Resolution Strategy Selection
解决策略选择
Choose concordance resolution strategy based on appraisal purpose:
- Evidence-weighted (default): Most objective, prefers stronger evidence
- Conservative: For high-stakes decisions (regulatory submissions)
- Optimistic: For formative assessments or educational purposes
See for detailed guidance.
references/triple_validation_methodology.md根据评估目的选择一致性解决策略:
- 基于证据权重(默认):最客观,优先选择更强的证据
- 保守策略:适用于高风险决策(监管提交)
- 乐观策略:适用于形成性评估或教育场景
详情见。
references/triple_validation_methodology.mdResources
资源
scripts/
scripts/目录
Production-ready Python scripts for automated tasks:
- pdf_intelligence.py - Multi-library PDF extraction (PyMuPDF, pdfplumber, Camelot)
- semantic_search.py - AI-powered evidence-to-criterion matching
- report_generator.py - Markdown + YAML report generation
- requirements.txt - Python dependencies
Usage: Scripts can be run standalone via CLI or orchestrated programmatically.
用于自动化任务的生产级Python脚本:
- pdf_intelligence.py - 多库PDF提取(PyMuPDF、pdfplumber、Camelot)

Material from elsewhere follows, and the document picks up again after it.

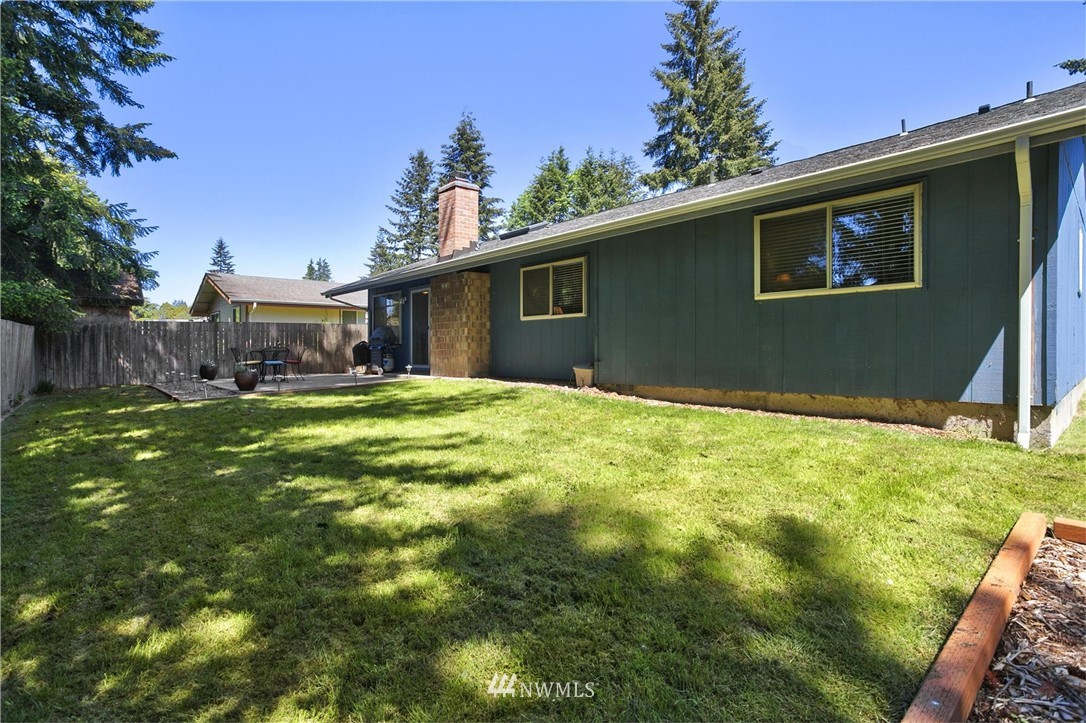 17322 24th Avenue Southeast Bothell, WA 98012 - Photo 24 of 24 a backyard of a house with lots of green space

- semantic_search.py - AI驱动的证据与标准匹配
- report_generator.py - Markdown + YAML报告生成
- requirements.txt - Python依赖项
使用方式:脚本可通过CLI独立运行,或通过编程方式编排执行。
references/
references/目录
Comprehensive documentation for appraisal methodology:
- checklist_sections/ - All 8 integrated checklist sections (PRISMA/NICE/ISPOR/CINeMA)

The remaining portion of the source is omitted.